Typische Stolpersteine in der Praxis
- ✓Vertrag vor Förderantrag unterschrieben → Förderung kann komplett entfallen. Reihenfolge: erst Antrag, dann Vertrag (mit Förder-Bedingung).
- ✓Einfache Mehrheit verwechselt mit Kostenumlage → Ohne Doppelquorum (§ 21 Abs. 2 WEG) tragen nur die Zustimmenden die Kosten.
- ✓Wärmeplanung nicht geprüft → Pflichten falsch eingeschätzt; die 65-%-Logik hängt am Stand der kommunalen Wärmeplanung.
- ✓Rücklage zu knapp → rechtzeitig Sonderumlage einplanen (§ 28 WEG).
- ✓Reform übersehen → Rechtsstand 2026 ist in Bewegung; Entscheidung auf aktuellem Stand treffen.
- ✓Zwei-Stufen-Förderung nicht koordiniert → selbstnutzende Eigentümer verpassen die Frist für den Zusatzantrag.
Weiterführend: Wie Sie die energetische Sanierung in der WEG insgesamt planen, und warum ein individueller Sanierungsfahrplan die Förderquote erhöht.
Häufige Fragen
- Welche Mehrheit braucht der Heizungstausch in der WEG?
- Für den Beschluss der Maßnahme selbst genügt die einfache Mehrheit der abgegebenen Stimmen (§ 20 WEG). Damit die Kosten anteilig auf alle Eigentümer umgelegt werden, ist in der Regel eine qualifizierte Mehrheit nötig: mehr als zwei Drittel der abgegebenen Stimmen und zugleich die Hälfte aller Miteigentumsanteile (§ 21 Abs. 2 WEG). Keine Rechtsberatung — Einzelfall mit WEG-Anwalt klären.

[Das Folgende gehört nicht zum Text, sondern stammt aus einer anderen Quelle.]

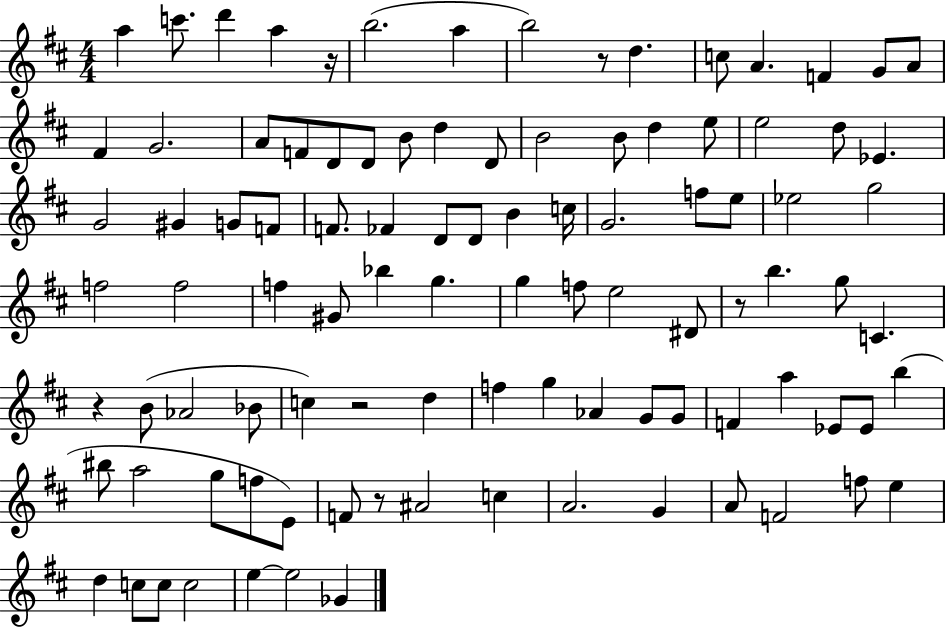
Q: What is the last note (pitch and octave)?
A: Gb4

- Wer beantragt die KfW-Förderung für eine gemeinschaftliche Heizung?
- Den Basisantrag (Grundförderung 30 Prozent, ggf. Effizienzbonus/Emissionsminderungszuschlag) stellt der Verwalter oder eine bevollmächtigte Person für die Gemeinschaft. Selbstnutzende Eigentümer stellen anschließend einen Zusatzantrag für Einkommens- und Klimageschwindigkeitsbonus. Förderfähigkeit und -höhe richten sich nach der jeweils gültigen KfW-Richtlinie; kein Rechtsanspruch auf Fördergewährung.

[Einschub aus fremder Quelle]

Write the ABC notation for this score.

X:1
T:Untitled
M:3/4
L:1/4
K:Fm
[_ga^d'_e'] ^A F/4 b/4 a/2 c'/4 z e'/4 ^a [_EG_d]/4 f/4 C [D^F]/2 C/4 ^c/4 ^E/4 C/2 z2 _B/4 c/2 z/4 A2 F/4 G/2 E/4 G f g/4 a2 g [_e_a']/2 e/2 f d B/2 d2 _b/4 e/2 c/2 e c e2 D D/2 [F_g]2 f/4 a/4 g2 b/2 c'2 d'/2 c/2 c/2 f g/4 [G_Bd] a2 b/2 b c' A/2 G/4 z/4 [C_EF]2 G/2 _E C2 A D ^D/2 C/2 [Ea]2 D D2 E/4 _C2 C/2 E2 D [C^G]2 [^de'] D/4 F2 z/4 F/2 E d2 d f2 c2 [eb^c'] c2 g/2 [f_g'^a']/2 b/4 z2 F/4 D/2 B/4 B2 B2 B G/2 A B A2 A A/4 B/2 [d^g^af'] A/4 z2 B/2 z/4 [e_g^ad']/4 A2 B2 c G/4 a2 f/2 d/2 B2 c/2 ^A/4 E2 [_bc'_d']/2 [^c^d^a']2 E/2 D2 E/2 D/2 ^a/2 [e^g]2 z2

- Gilt die 65-%-Pflicht 2026 schon für unsere WEG?
- Das hängt von der kommunalen Wärmeplanung ab (Frist 30.06.2026 in Städten über 100.000 Einwohner, sonst 30.06.2028) — und vom Fortgang der GEG-Reform 2026. Bestandsheizungen von vor 2024 dürfen weiterlaufen. Bitte den zum Zeitpunkt Ihrer Entscheidung geltenden Rechtsstand prüfen; Stand dieses Beitrags: Juni 2026.
- Bis zu wie viel Förderung sind möglich?
- Maximal 70 Prozent der förderfähigen Kosten je Wohneinheit, bei nach Wohneinheiten gestaffelten Höchstkosten (30.000 € / 15.000 € / 8.000 €). Kombinationsobergrenze und Sätze nach jeweils gültiger KfW-Richtlinie; kein Rechtsanspruch.